#### [EXERCISE DESCRIPTION]
Transcribe the listing in full, excluding any pictures.

#### [TASK DATA]
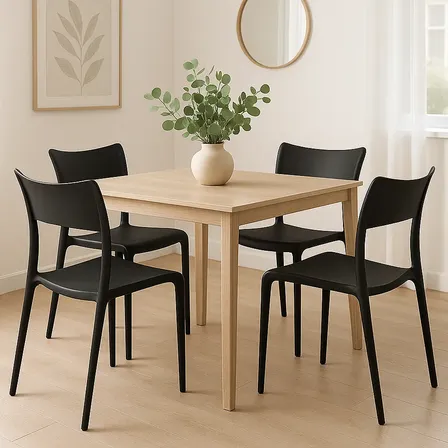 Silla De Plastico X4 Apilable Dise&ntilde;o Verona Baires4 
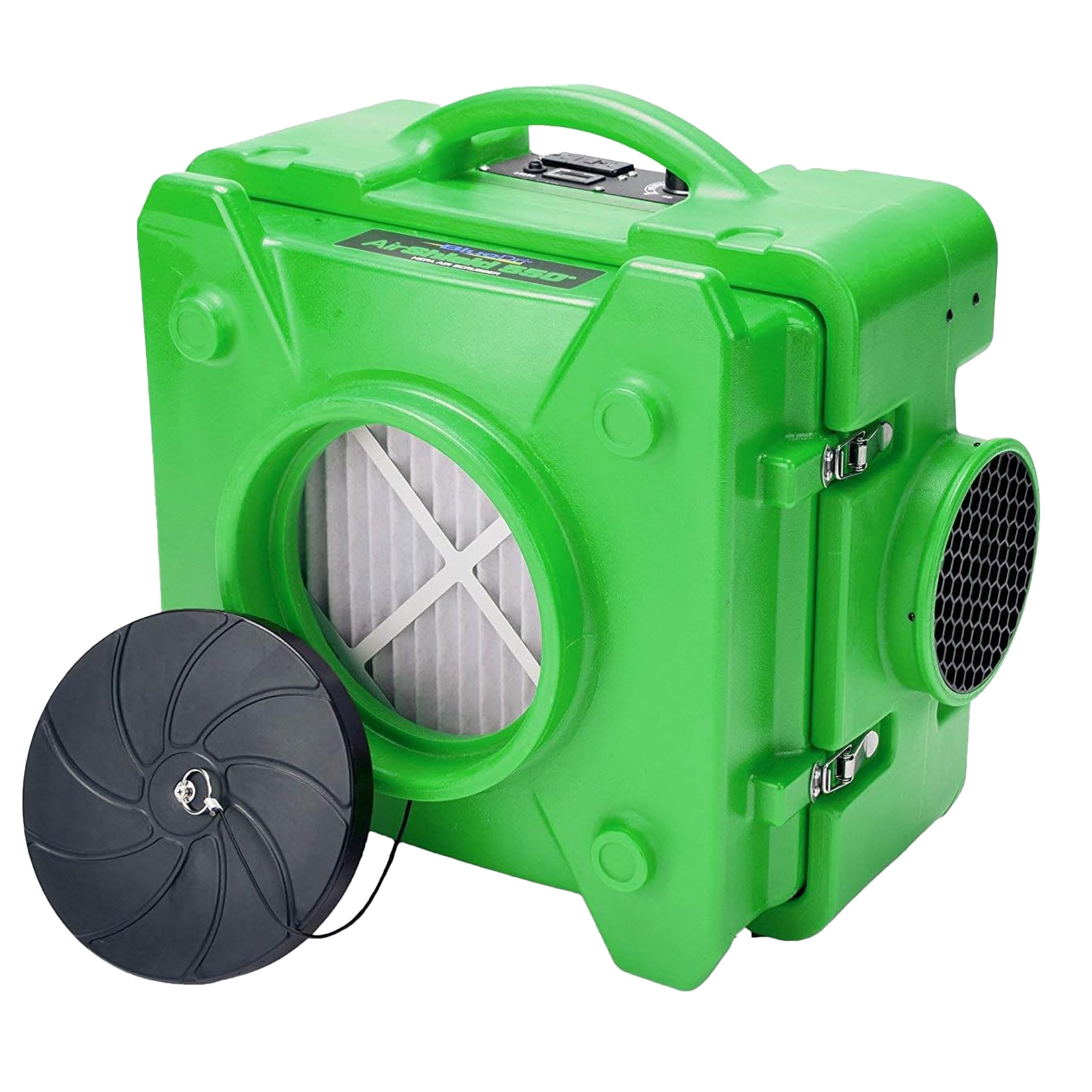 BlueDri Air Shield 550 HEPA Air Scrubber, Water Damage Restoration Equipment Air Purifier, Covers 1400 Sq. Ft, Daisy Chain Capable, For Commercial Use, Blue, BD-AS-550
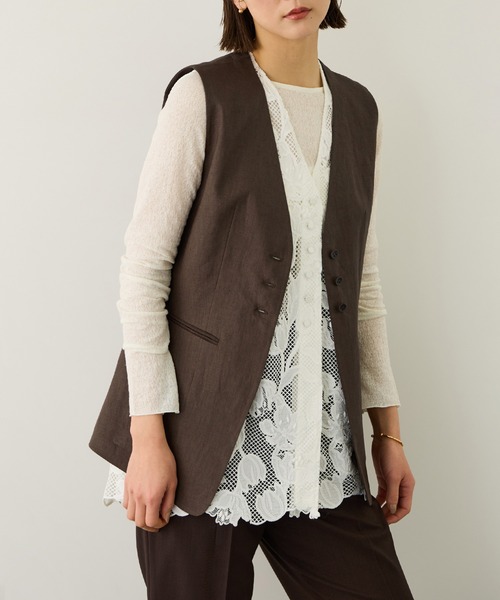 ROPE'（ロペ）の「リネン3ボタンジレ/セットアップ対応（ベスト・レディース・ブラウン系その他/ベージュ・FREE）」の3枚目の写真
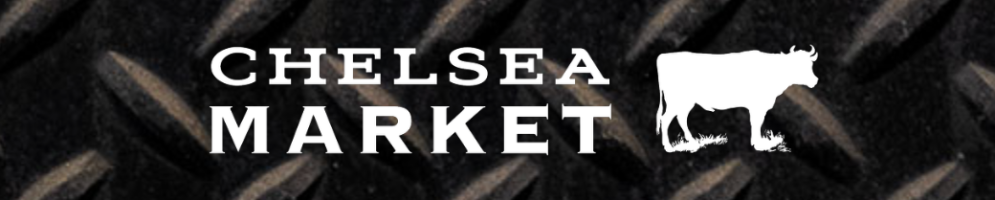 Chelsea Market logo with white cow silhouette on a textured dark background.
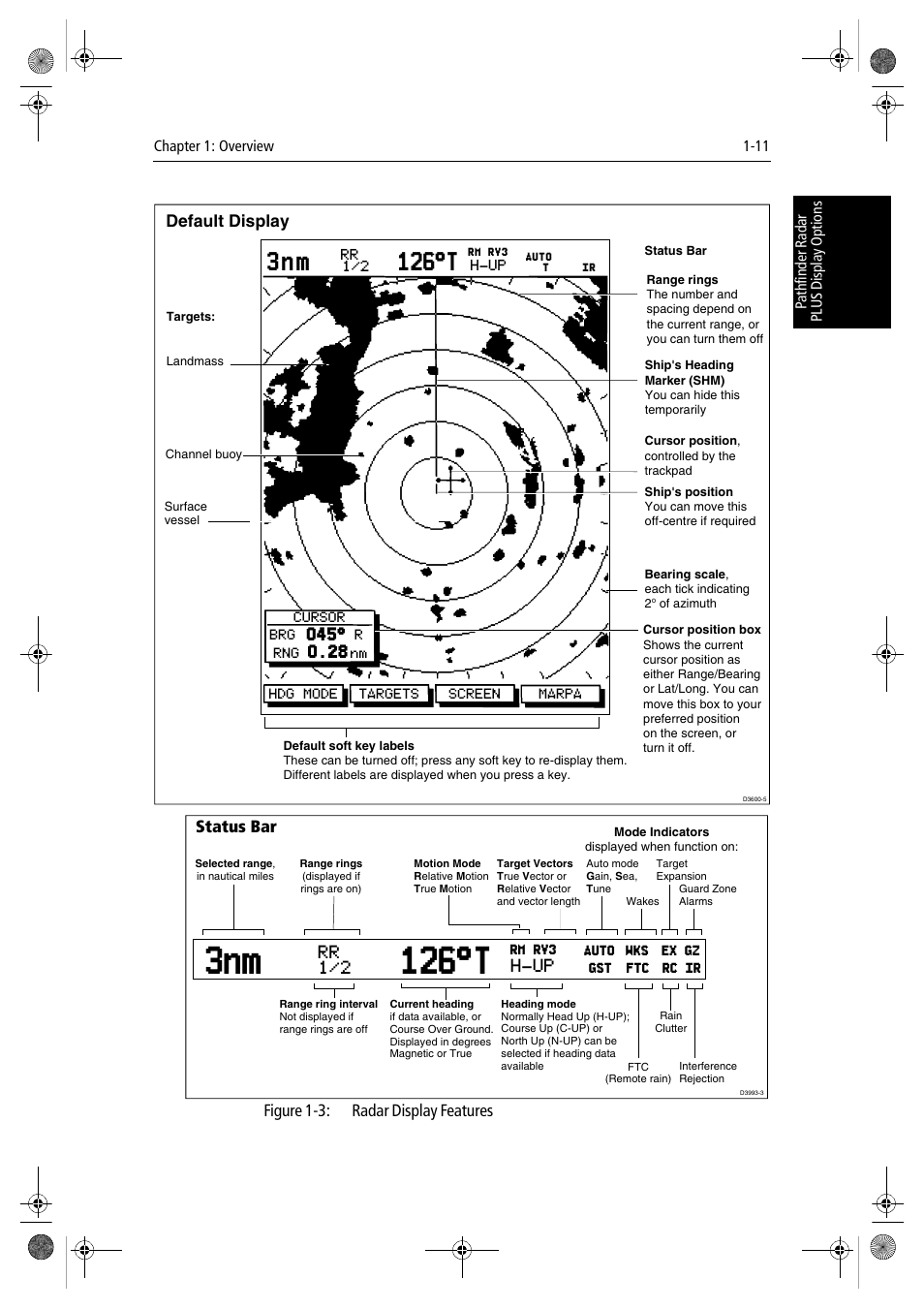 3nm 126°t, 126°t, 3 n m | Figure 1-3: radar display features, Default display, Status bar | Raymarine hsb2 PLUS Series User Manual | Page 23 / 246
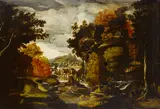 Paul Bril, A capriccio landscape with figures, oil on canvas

#### [RESPONSE TO THIS EXERCISE]
 Silla De Plastico X4 Apilable Dise&ntilde;o Verona Baires4 
 BlueDri Air Shield 550 HEPA Air Scrubber, Water Damage Restoration Equipment Air Purifier, Covers 1400 Sq. Ft, Daisy Chain Capable, For Commercial Use, Blue, BD-AS-550
 ROPE'（ロペ）の「リネン3ボタンジレ/セットアップ対応（ベスト・レディース・ブラウン系その他/ベージュ・FREE）」の3枚目の写真
 Chelsea Market logo with white cow silhouette on a textured dark background.
 3nm 126°t, 126°t, 3 n m | Figure 1-3: radar display features, Default display, Status bar | Raymarine hsb2 PLUS Series User Manual | Page 23 / 246
 Paul Bril, A capriccio landscape with figures, oil on canvas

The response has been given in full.